*** Input data ***

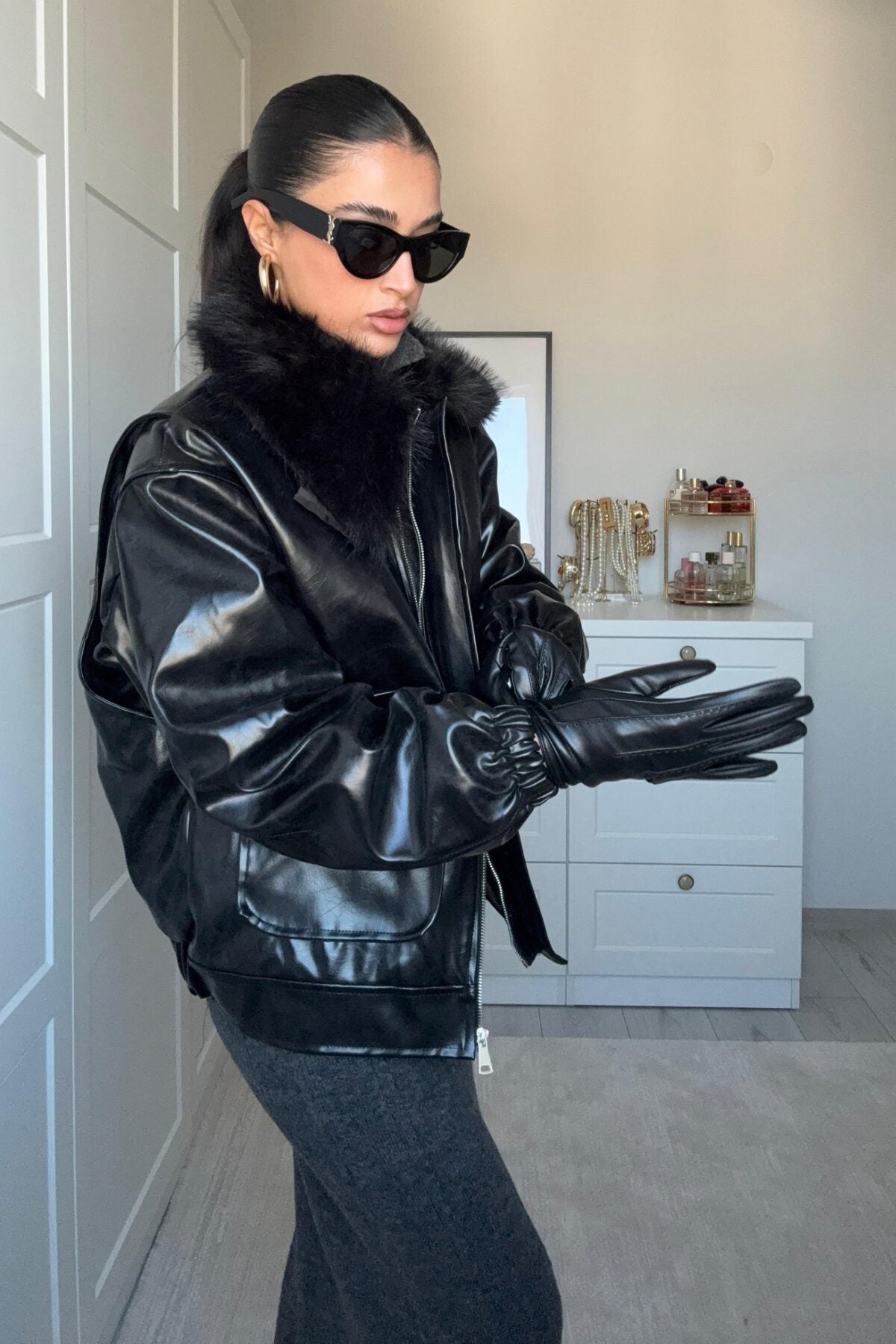 جكيت جلد اسود - KP7153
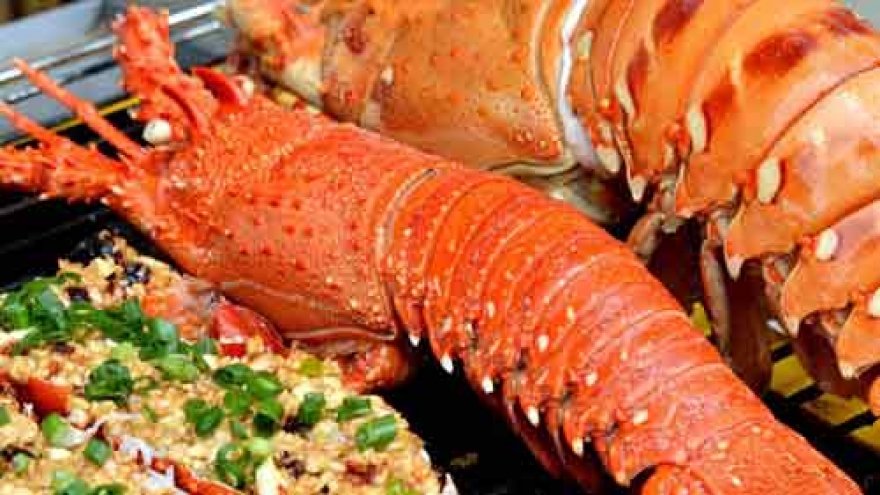 Saigon Café hosts seafood themed dinners in April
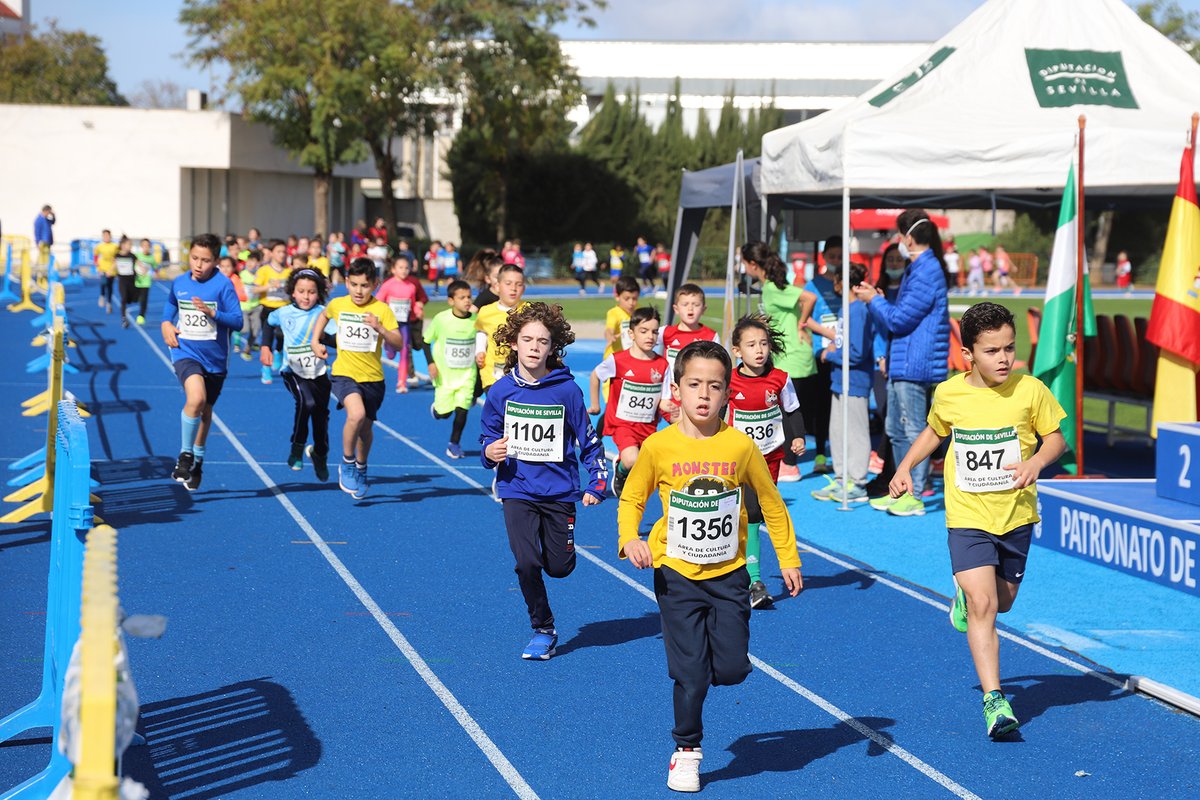 LaRinconada_Web's tweet photo. Cerca de 2.000 personas en la #CarreraPopular
Fiesta deportiva por las calles de #LaRinconada. Como principales novedades, se celebró la categoría ‘Pequeñín’ y la prueba Aniversario pasó a ser prueba Solidaria, a beneficio de #AFADI  🏃‍♀️🏃💙https://t.co/R0inx6C1Hu https://t.co/IZRNoUOAoO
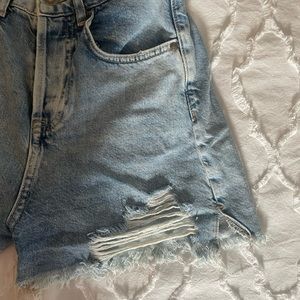 High waisted light wash Zara denim shorts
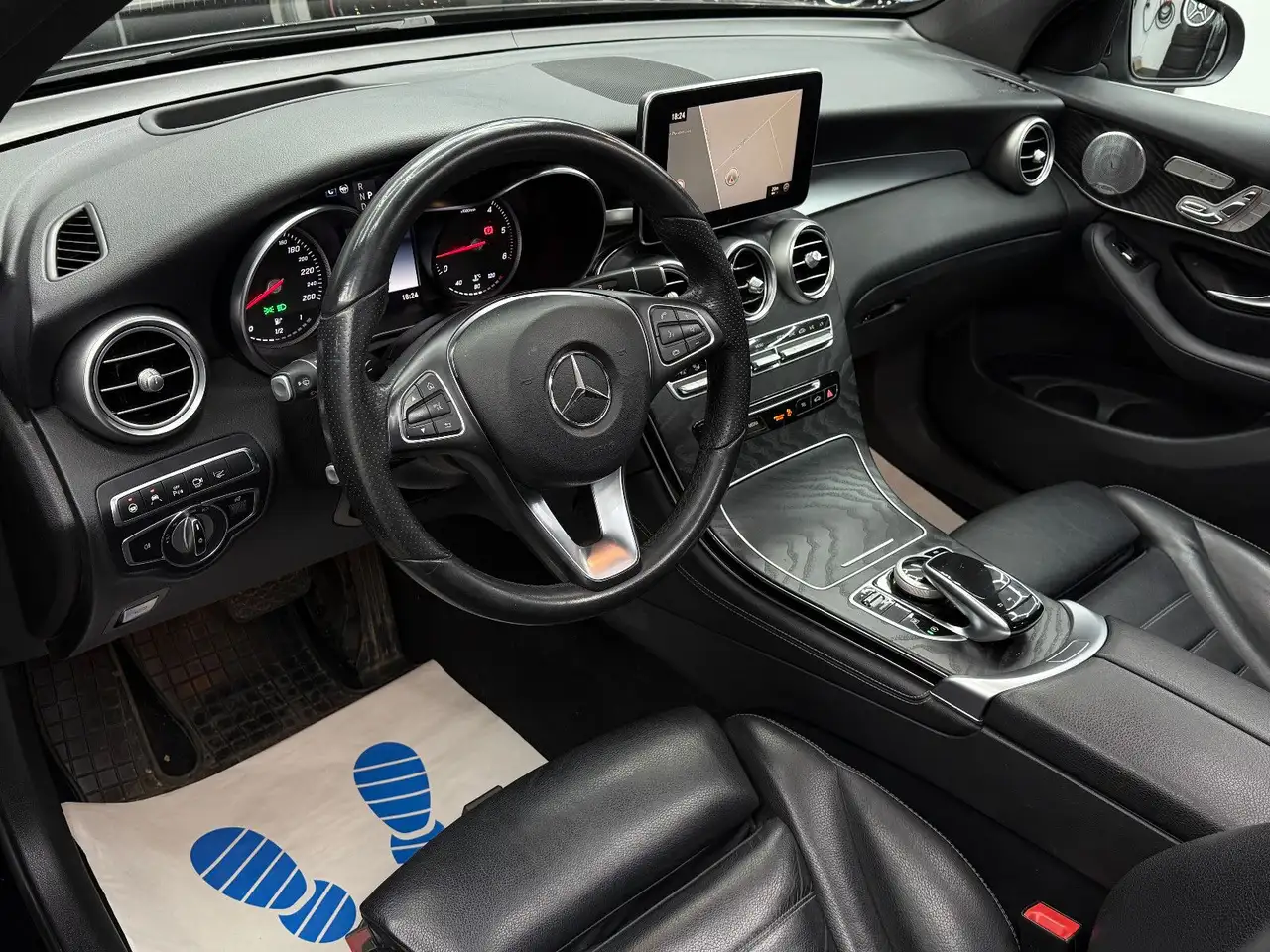 2017 Mercedes-Benz GLC 350 d 4Matic / Burm. HUD Distronic 360° Pano, photograph 10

*** End of Input data ***

Begin with the line that contains "Saigon Café hosts" and repeat every line through the end of the data, exactly and only those lines, leaving out the pictures.

 Saigon Café hosts seafood themed dinners in April
 LaRinconada_Web's tweet photo. Cerca de 2.000 personas en la #CarreraPopular
Fiesta deportiva por las calles de #LaRinconada. Como principales novedades, se celebró la categoría ‘Pequeñín’ y la prueba Aniversario pasó a ser prueba Solidaria, a beneficio de #AFADI  🏃‍♀️🏃💙https://t.co/R0inx6C1Hu https://t.co/IZRNoUOAoO
 High waisted light wash Zara denim shorts
 2017 Mercedes-Benz GLC 350 d 4Matic / Burm. HUD Distronic 360° Pano, photograph 10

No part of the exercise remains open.